--- DATA EXTRACTS Enclosed Below ---
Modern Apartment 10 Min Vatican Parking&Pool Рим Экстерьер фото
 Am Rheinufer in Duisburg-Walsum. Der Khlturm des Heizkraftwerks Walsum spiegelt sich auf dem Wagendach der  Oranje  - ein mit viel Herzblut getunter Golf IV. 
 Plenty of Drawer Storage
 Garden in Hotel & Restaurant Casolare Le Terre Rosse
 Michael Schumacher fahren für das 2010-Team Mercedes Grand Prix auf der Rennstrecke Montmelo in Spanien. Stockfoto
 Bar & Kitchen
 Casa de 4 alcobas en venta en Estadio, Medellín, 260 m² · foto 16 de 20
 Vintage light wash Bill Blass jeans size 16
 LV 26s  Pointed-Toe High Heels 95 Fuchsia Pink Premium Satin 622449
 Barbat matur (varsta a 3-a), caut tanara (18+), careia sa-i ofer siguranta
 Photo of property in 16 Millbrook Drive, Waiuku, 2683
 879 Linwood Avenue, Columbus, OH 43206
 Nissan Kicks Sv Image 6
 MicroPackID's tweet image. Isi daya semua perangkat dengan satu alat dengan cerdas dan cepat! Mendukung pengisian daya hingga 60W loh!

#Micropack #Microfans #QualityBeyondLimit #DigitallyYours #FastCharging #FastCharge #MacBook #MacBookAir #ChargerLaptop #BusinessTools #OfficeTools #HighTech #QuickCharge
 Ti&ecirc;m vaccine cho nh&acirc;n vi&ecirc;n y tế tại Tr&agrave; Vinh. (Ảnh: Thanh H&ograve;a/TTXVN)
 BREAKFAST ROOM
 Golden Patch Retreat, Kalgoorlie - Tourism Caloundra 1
--- End of Enclosed DATA EXTRACTS ---
- [WORK REQUIRED]:
Once the line containing "Casa de 4 alcobas" has been retyped, stop. Begin at the first line of the material and reproduce every line up to it exactly.

- [TASK RESPONSE]:
Modern Apartment 10 Min Vatican Parking&Pool Рим Экстерьер фото
 Am Rheinufer in Duisburg-Walsum. Der Khlturm des Heizkraftwerks Walsum spiegelt sich auf dem Wagendach der  Oranje  - ein mit viel Herzblut getunter Golf IV. 
 Plenty of Drawer Storage
 Garden in Hotel & Restaurant Casolare Le Terre Rosse
 Michael Schumacher fahren für das 2010-Team Mercedes Grand Prix auf der Rennstrecke Montmelo in Spanien. Stockfoto
 Bar & Kitchen
 Casa de 4 alcobas en venta en Estadio, Medellín, 260 m² · foto 16 de 20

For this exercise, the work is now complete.